6. The Circuit Board Is Broken or Disrupting Continuity
You have a broken Lennox furnace circuit or control board if the red and green LEDs are on, the red is off and green is on, or if red is on and green is off. Check the error codes for your model to verify if there is an electrical continuity problem. Also, check if the furnace circuit has reversed polarity.
Reversed polarity is a prevalent issue with most furnaces, not just Lennox. Essentially, you have a wiring problem wherein the neutral and hot terminals are interchanged. Lennox furnaces can operate despite reversed polarity, so you may discover this issue, even if the cause of your furnace problem isn’t polarity.
How To Fix?
A defective circuit board needs replacement. Continuity issues need an extensive diagnosis to detect precisely where you have a wiring issue or control board failure. If the circuit board is working and there is no continuity problem, you can troubleshoot reversed polarity.
Watch this video tutorial to fix reversed polarity:
7. The Condensate Line and Drain Are Jammed or Frozen
Like the clogged or blocked inlet and exhaust vents, a frozen drainpipe and jammed condensate line may shut down your Lennox furnace. Also, unchecked water and ice buildup will cause rust and other issues in your furnace, so a proactive diagnosis is always better.
How To Fix?
You can drain excess water from the condensate line and pipe into a bucket to clear the line. Then, use a vacuum to eliminate any blockage or debris clogging up these lines. Also, ensure that the condensate line and drain pipe, in particular, do not freeze during extreme winter nights. If freezing is an issue, provide the pipes with insulation, coating them in foam or rubber.

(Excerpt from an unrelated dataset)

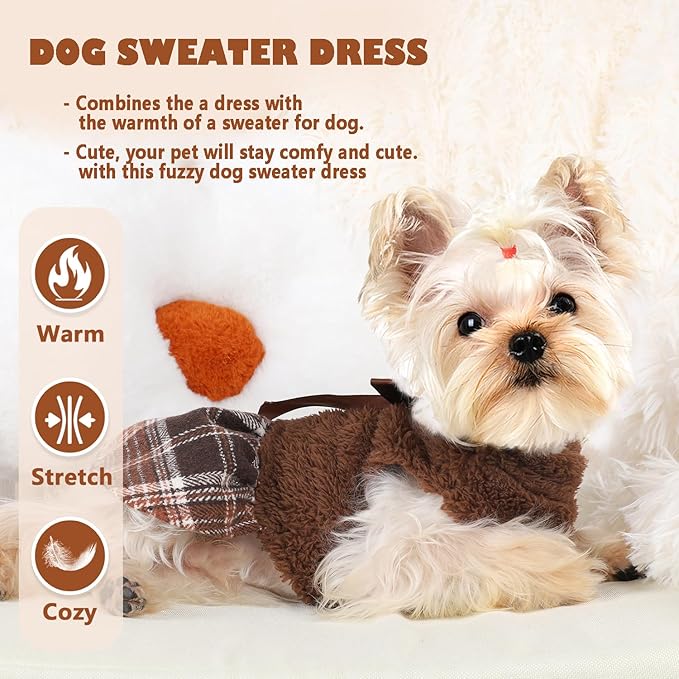 Yikeyo Dog Sweater Dress,Dog Dress Clothes Dresses for Small Dogs Girl Winter Fall Flannel Warm Pet Puppy Cat Tutu Princess Plaid Female Sweater (Medium, Brown)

8. One or More Lennox Furnace Components Are Defective
You may have a defective igniter, flame rollout limit switch, blower, or capacitor. Also, the furnace filter may be dirty and clogged, thus preventing airflow into the heat exchanger of your Lennox furnace. Any defect beyond remedial cleaning calls for immediate repair or replacement.
How To Fix?
You may need to replace the igniter, capacitor, or flame rollout limit switch depending on the problem.
Lubricating a blower or belt may reduce the loud noise and increase its efficiency unless the motor fails. Likewise, change the inlet filter to increase airflow if other problems don’t exist, such as a broken draft inducer motor not drawing enough air into the heat exchanger.
Still, these issues are usually best to leave to the pros since a mistake could further damage your furnace.
Read: Lennox Furnace Problems
Almost all typical symptoms of Lennox furnace problems are due to the components discussed in this article. Whenever you have an issue, refer to the error codes, inspect the corresponding part as detailed in this guide, and opt for the appropriate remedy based on its condition.